西郷隆盛の敵役・島津久光の立場から辿る幕末、明治維新・・・【情熱的読書人間のないしょ話(1020)】
散策中に、10m先のキジをカメラに収めることができました。3mの距離までツグミに近づくことができました。周りの緑に溶け込んでいる2.5m先のメジロを危うく見逃すところでした。因みに、本日の歩数は10,407でした。
閑話休題、『島津久光の明治維新――西郷隆盛の<敵>であり続けた男の真実』(安藤優一郎著、イースト・プレス)は、西郷隆盛の敵役である島津久光の立場から幕末、明治維新を辿っています。
私には意外と思われることが、3つ記されています。
第1は、藩主の座を争った異母兄弟の島津斉彬と久光の仲が悪くはなかったということ。「斉彬と久光は藩主の座をめぐって争う形となったが、二人の関係は良好だった。斉彬は久光の学識を高く評価し、自分などは遠く及ばないと絶賛したほどである。政治向きのことも相談し、非常に頼りにしている。久光にしても、斉彬の遺志を実現することを志すようになる」。
第2は、久光が腹心の部下・大久保利通に怒りを爆発させたことがあるということ。
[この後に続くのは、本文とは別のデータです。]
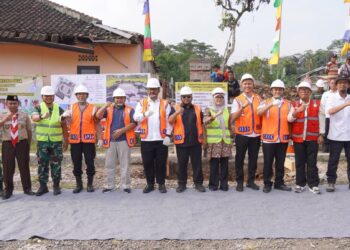 Bupati Letakkan Batu Pertama, Warga Jampangtengah Tak Sabar Nikmati Alun-Alun Baru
「(1870<明治3>年1月)24日の会見では、久光は西郷が進める藩政改革への不満を爆発させ、かつての腹心だった大久保を激しい言葉で詰る。この日、帰宅した大久保は酩酊したという。26日、久光の説得を断念した大久保は東京への帰途に就く。参議として解決しなければならない政策課題が山積みで、いつまでも鹿児島に滞在するわけにはいかなかった。久光は西郷への不満を募らせており、大久保はその逆鱗に触れてしまった格好だ」。
第3は、薩摩藩内は討幕で意見が一致していたわけではなく、西郷らの討幕勢力は少数派であったということ。「薩摩藩というと、西郷をリーダーに藩士が一丸となって討幕運動を展開したと思われがちだが、実際は全く違う。討幕には否定的な意見が藩内の大勢を占めていた」。この否定勢力の中心には久光がいたのです。